• _Work instruction_
Omit the images, then repeat the listing exactly.

[Source material Boundary: Start]

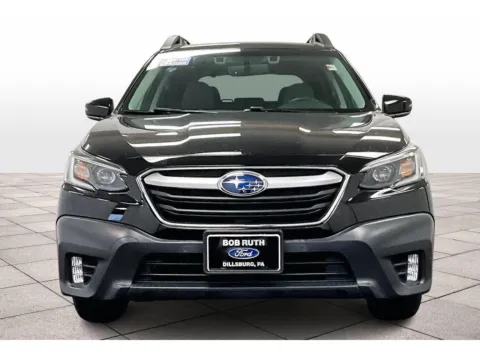 Another view of 2022 Subaru Outback Premium for sale in Dillsburg, PA at Bob Ruth Ford Dillsburg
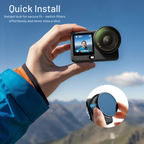 nd8 nd16 nd32 filters action 6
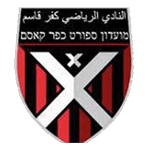 Hapoel Kafr Kasem Shouaa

[Source material Boundary: End]

• _Response to the exercise_
 Another view of 2022 Subaru Outback Premium for sale in Dillsburg, PA at Bob Ruth Ford Dillsburg
 nd8 nd16 nd32 filters action 6
 Hapoel Kafr Kasem Shouaa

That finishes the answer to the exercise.